Andie is a recent college graduate, seeking a job in journalism in New York City. The search isn’t going very well until she interviews at the fictional “fashion Bible” Runway magazine for a position as assistant to the legendary fashion editor, Miranda Priestly.

With little interest in fashion, Andie nevertheless willingly accepts the position (“The job a million girls would kill for”), believing it will be a springboard to her real dream job in journalism.

She expects tough. She expects demanding. She expects a steep learning curve. But she’s totally unprepared for the abuse she will put up with on a daily basis to please her psychopathic boss.

True, unlike most bosses from hell, Miranda at least heaps on the abuse with a gentle voice and clad in a stylish wardrobe. But as readers, we’re just waiting for the other Manolo to drop and Andie to get the heck out of Dodge and give up her stint at indentured servitude, albeit in great clothes.

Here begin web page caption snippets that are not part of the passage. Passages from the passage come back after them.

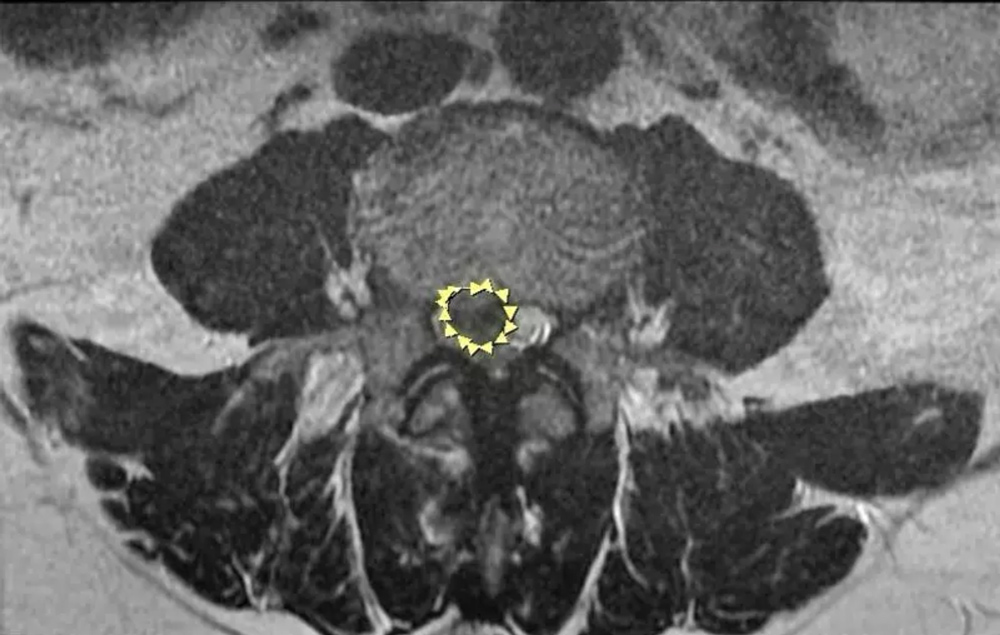 中醫大市醫微創脊椎中心日前救治一名急性椎間盤突出患者，藉由電腦導航脊椎內視鏡手術，僅花60分鐘解除患者疼痛。（示意圖，非當事人）(圖/中醫大市醫張建鈞醫師提供)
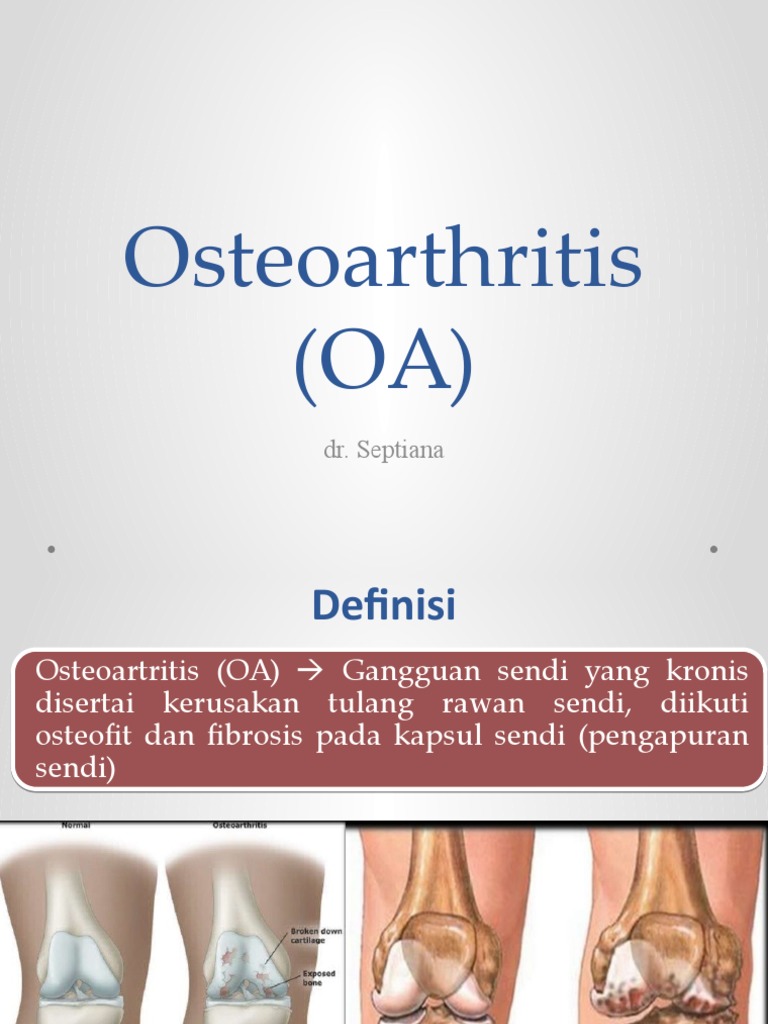 Panduan Lengkap Osteoartritis (OA) | PDF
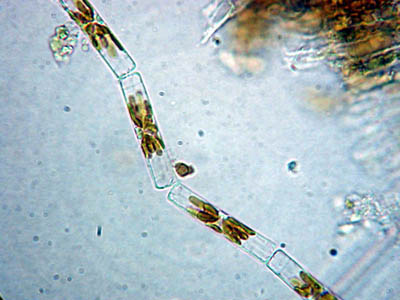 Diatoms_3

I speak as someone who really enjoyed the movie, but who still recognizes Hollywood’s unique talent for ruining a good story.

They did in this case.

Meryl Streep is brilliant in the role of Miranda Priestly, but her character has a kindness about her (buried deep, but still there) that leaves viewers with that distinct, Hollywood screenplay feel.

I preferred the cruel, narcissistic novel version, and since half of the fun is our knowledge that this is a fictionalized version of the author’s own experience working as an editorial assistant for the “real” Runway, the book version of the editor/boss-from-hell rings much more true. That’s the version I would have preferred in the film.

Enjoy this glimpse into the fashion world … from a safe distance. And, Schadenfreude anyone? Be very, very grateful Miranda’s not your boss.